Going forward, the idea is for the county to stay on top of compensation and make adjustments when called for, guided by the classification system, rather than playing catch-up every 20 years or so, he said.
“Kicking the can down the road doesn’t always work,” Trevino said. “We’re going to have to address these issues.”
He added that just because Cameron County is poor doesn’t mean it should resign itself to being last and least in all things.
“I’ve got to believe we’re doing a little bit better than we were 20 years ago, and I feel positive about the future,” Trevino said. “While we have to work within the constraints of our budget and our financial means, that doesn’t necessarily mean that we … shouldn’t be striving for more.
“We’ve got SpaceX developing in our backyard, the port is growing by leaps and bounds, there’s workforce training and a lot of projects here in Cameron County that, if they come to fruition, hopefully will have a positive impact for our community.”
Interim County Administrator Pete Sepulveda Jr., who researched the salary issue, said he used a survey from the Texas Association of Counties to compare salaries of Cameron County elected officials to those of counties of roughly similar population.
Compared to counties with populations of 100,000 and more, Cameron County was second from the bottom in what it pays elected officials, he said. Among counties with populations of 300,000, Cameron County was the lowest, Sepulveda said, noting that the disparity is worse for some elected official positions than for others.
And while there are a number of other metrics that could be taken into consideration — per-capita income and poverty levels, for instance — the county believes raises are justified, he said, while adding that he doesn’t speak for the county judge or commissioners court.

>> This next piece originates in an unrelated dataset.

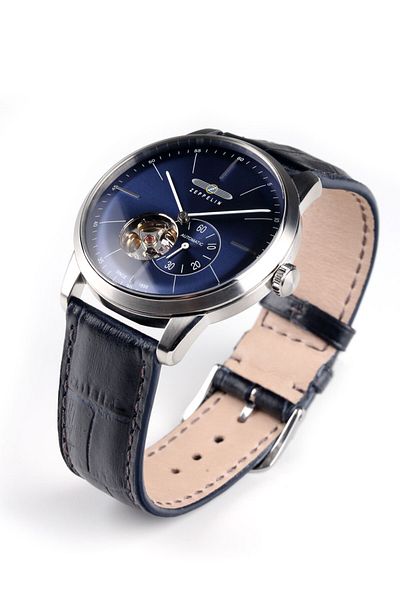 Zeppelin Mens Watch 7364-3, Automatic, 40mm, 5atm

“How do you arrive at a number that is fair and just? I think that’s something that the court is trying to deal with,” Sepulveda said. “I don’t think there’s a formula you can utilize to come up with that number. I think the court is going to have to decide what is fair and what is just.”
Cameron County’s population is nearly 424,000, according to a 2018 Census Bureau estimate. Its per-capita income is $27,241, among the lowest in the state, and has a poverty rate of 31.2 percent.

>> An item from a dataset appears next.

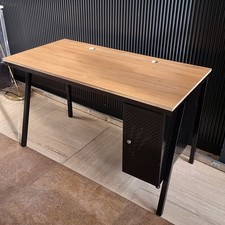 School Classroom, Home or Office Computer Desk with Storage Box (Delivery Ava...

Hidalgo County has a population more than double Cameron County’s, per-capita income of $25,617 and a poverty rate of 31.8 percent. Hidalgo County’s proposed salary schedule for 2019 is $118,099.80 for county judge plus an $8,000 automobile allowance, and $101,228.40 plus an $8,000 automobile allowance for commissioners.
Willacy County, with a much smaller population of 21,839, a poverty rate of 35.6 percent and a per-capita income of $30,047, pays its county judge $44,745 a year and its commissioners $32,300 annually.
Starr County, population 63,420, has a poverty rate of 35 percent and per-capita income of $24,981, yet pays its county judge and commissioners $74,918 annually, $4,175 higher than Trevino’s current compensation and $25,842 more than the highest paid Cameron County commissioners.
Sepulveda said crunching the numbers for the merger this year of the Brownsville Metropolitan Planning Organization with the Rio Grande Valley’s other two MPOs, while a lot of work, was less difficult figuring out where to set compensation.
“We spent lot of time looking at funding formulas,” he said. “That was easy compared to this issue.”